Contrary to various study reports, we did not find significant association between poor glycaemic control and depression. Some studies have reported that depressed T2DM patients have higher HbA1c levels compared with non-depressed individuals [25, 40, 41]. The coexistence of depression with diabetes has been reported to be significantly associated with poor glycaemic control [42]. However, this association has not been demonstrated in all studies [43]. In systematic reviews and meta-analysis, depression was found to be weakly correlated with glycaemic status [44]. In type 1 diabetes patients, the association between depression and glycaemic control exist in younger patients, and not in adult patients [45]. The findings of our study indicate that, clinical factors like diabetes duration, medication and hypertension status are important factors that link depression to glycaemic status. It must be noted also that predictors of depression in non-diabetes population in Ghana has not been well studied. However, it is worth noting that there is evidence that remission of depression can result in the improvement of glycaemic control [7]. In addition, depression is said to impair good self-care practices resulting in poor adherence to medication, as well as other diabetes management regimens [46]. Diabetes patients with comorbid depression have been found to have fewer days adherence to dietary, exercise and self-monitoring recommendations, with a 2.3 fold increased odds of missing medication doses compared with those without depression [47].
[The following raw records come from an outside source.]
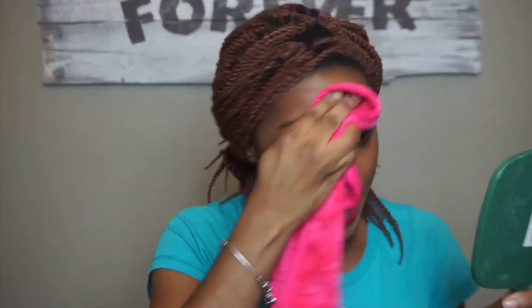It's definitely soft on the skin, no doubt. I intentionally used my waterproof mascara to see if it would still remove it. It's definitely working.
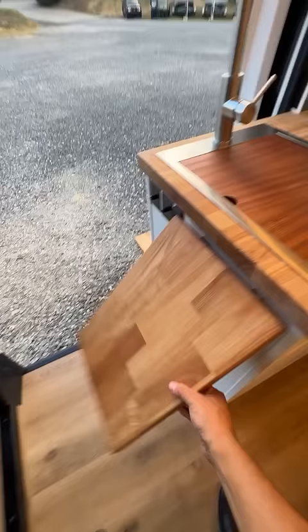Plenty of counter space in this one. Removable cutting board and stainless steel sink — the faucet flips around for outside use. Portable gas cooking, 21 and a half gallons of fresh water and 6 and a half gallons gray water.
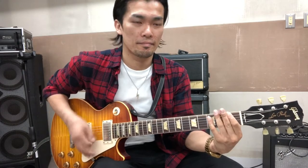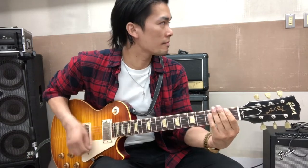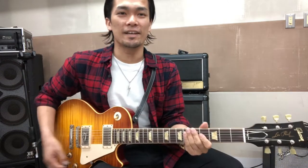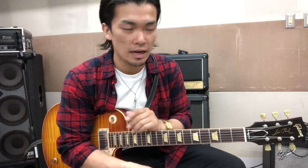ギターでパワーコード、みんながよく知ってますよね。6弦と5弦だけ、あとは5弦と4弦だけで弾けるパワーコード。このパワーコードの押さえ方なんですけれども、結構初心者の方、大半の方が間違った押さえ方をしています。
The findings of this study indicate that, compared to unmarried participants, currently married participants had lower risk prevalence of depression. Studies have shown marriage is strongly and positively associated with psychological well-being for men and women. On average, the currently married report higher levels of psychological well-being (measured by lower rates of depression, substance abuse, and alcoholism) than never-married, divorced, widowed, or separated individuals [48, 49]. Spousal support is among the important sources of psychological fortitude during chronic illness like diabetes, although there is a possibility of disruptions in the marital relationship during chronic illness [48]. The importance of marital support in diabetes management might stem from the other spouse helping the ailing spouse to adhere to diabetes medication and self-management practices. Even with married patients, Katz [50] reported that the self-management behavior of husbands with diabetes often deteriorates when conflict exists with their wives. In addition, the belief of a spouse in the importance of glycemic control predicts such control better than the patient’s beliefs [49]. However, in this study, we did not investigate in the quality of intimacy in married participants, as well as the beliefs of the spouse on diabetes management practices.

Limitation of the study

The major limitation of our study is that the results may not reflect the true burden of depression in the general T2DM population since patients were selected from a specialized tertiary hospital in urban Ghana. Possible replication of this study in a primary health care setting in suburban or rural communities to confirm these findings will be vital. Our study did not include non-diabetes controls for comparison, limiting the interpretation of the possible role of diabetes in depression. Also, being a cross-sectional study by design, we cannot deduce the ‘cause-effect’ relationship between diabetes and depression from our findings; a longitudinal study design will be needed to investigate this relationship.

Conclusions

The findings of our study have shown that depression is quite common among Ghanaian patients with T2DM. Poor glycaemic control was not associated with depression among T2DM patients in our study. Marriage was found to be protective against depression. Future studies may investigate the role of quality of marital intimacy and spousal beliefs on depression.

Abbreviations

HbA1c: 

Glycated haemoglobin

MMAS: 

Morisky Medication Adherence Scale

PHQ-9: 

Patient Health Questionnaire-9

T2DM: 

Type 2 diabetes mellitus

WHO: 

World Health Organization

Declarations

Acknowledgements

The authors wish to acknowledge Prof Albert G.B, Amoah, Prof Richard Adanu and Prof Olugbenga Ogedegbe and his team for their tremendous support before, during and after this project. We also wish to acknowledge the contributions of Margaret Reynolds and Naa in the acquisition of data.

Funding

No funding was available for the study.

Availability of data and materials

Data supporting the conclusion of this study is available for systematic review and meta-analysis upon request.

Authors’ contributions

JA was involved in the conception, design, acquisition of data, interpretation of data and initial drafting of the manuscript. EY participated in conception, design, acquisition of data and interpretation of data. KY was involved in the conception, design, analysis and interpretation of data. JAQ participated in the conception, design, acquisition of data and interpretation of data. WB participated in the conception, design and interpretation of data. All authors critically reviewed the manuscript for important intellectual content and agreed on the version to be published.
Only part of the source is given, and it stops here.